Write the listing below out again word for word, without a single picture.

------ Exercise data

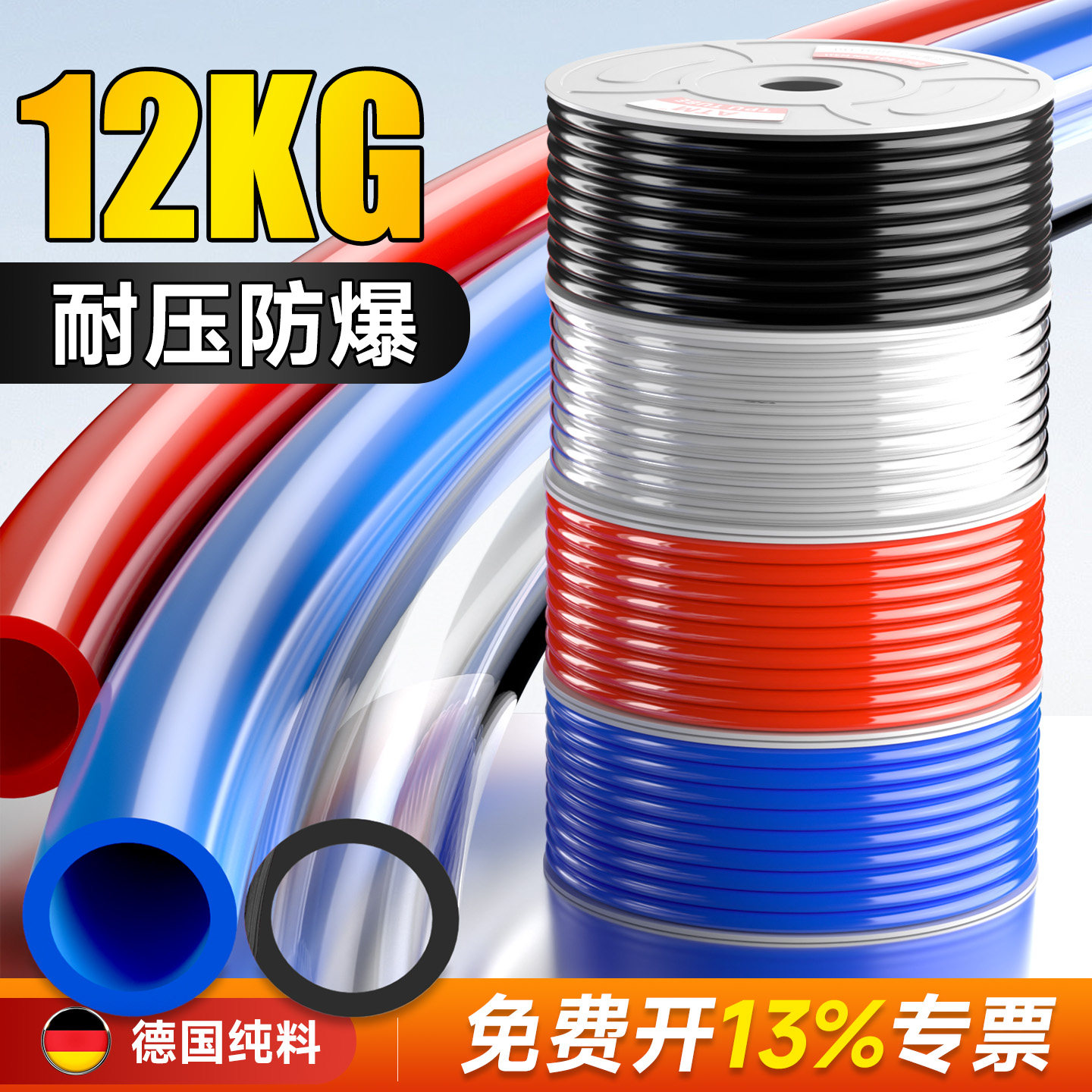 气动PU气管软管8*5气泵空压机高压汽管子6mm压缩透明防爆4/10/12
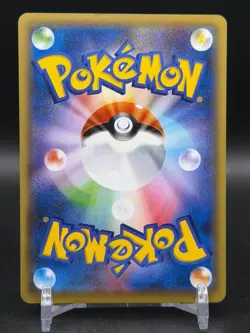 Mudkip 026/131 CP4 Champion Pack Pokemon Holo Japanese NM - Image 2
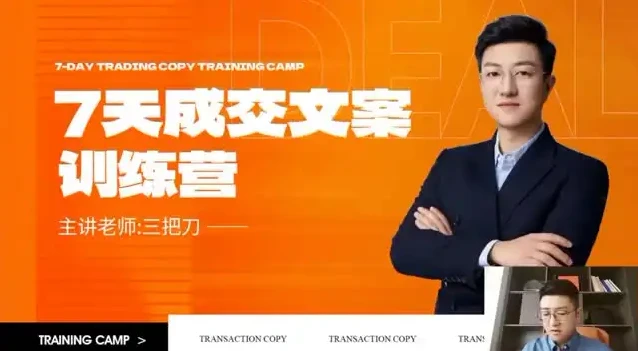 七天文案成交课:掌握短视频与朋友圈高效营销技巧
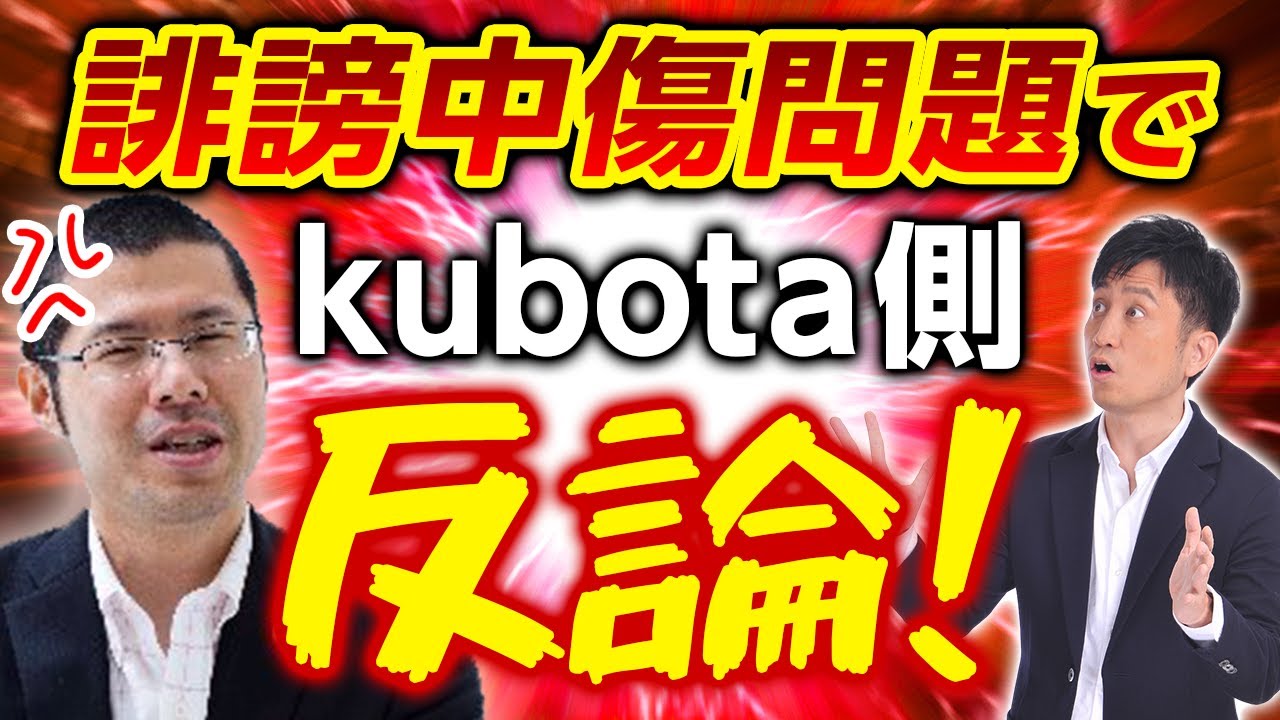 弁護士YouTuber久保田氏の誹謗中傷問題でベリーベストが反論！巨大弁護士法人の末路は！？/ タケシ弁護士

------------

• Finished task:
 气动PU气管软管8*5气泵空压机高压汽管子6mm压缩透明防爆4/10/12
 Mudkip 026/131 CP4 Champion Pack Pokemon Holo Japanese NM - Image 2
 七天文案成交课:掌握短视频与朋友圈高效营销技巧
 弁護士YouTuber久保田氏の誹謗中傷問題でベリーベストが反論！巨大弁護士法人の末路は！？/ タケシ弁護士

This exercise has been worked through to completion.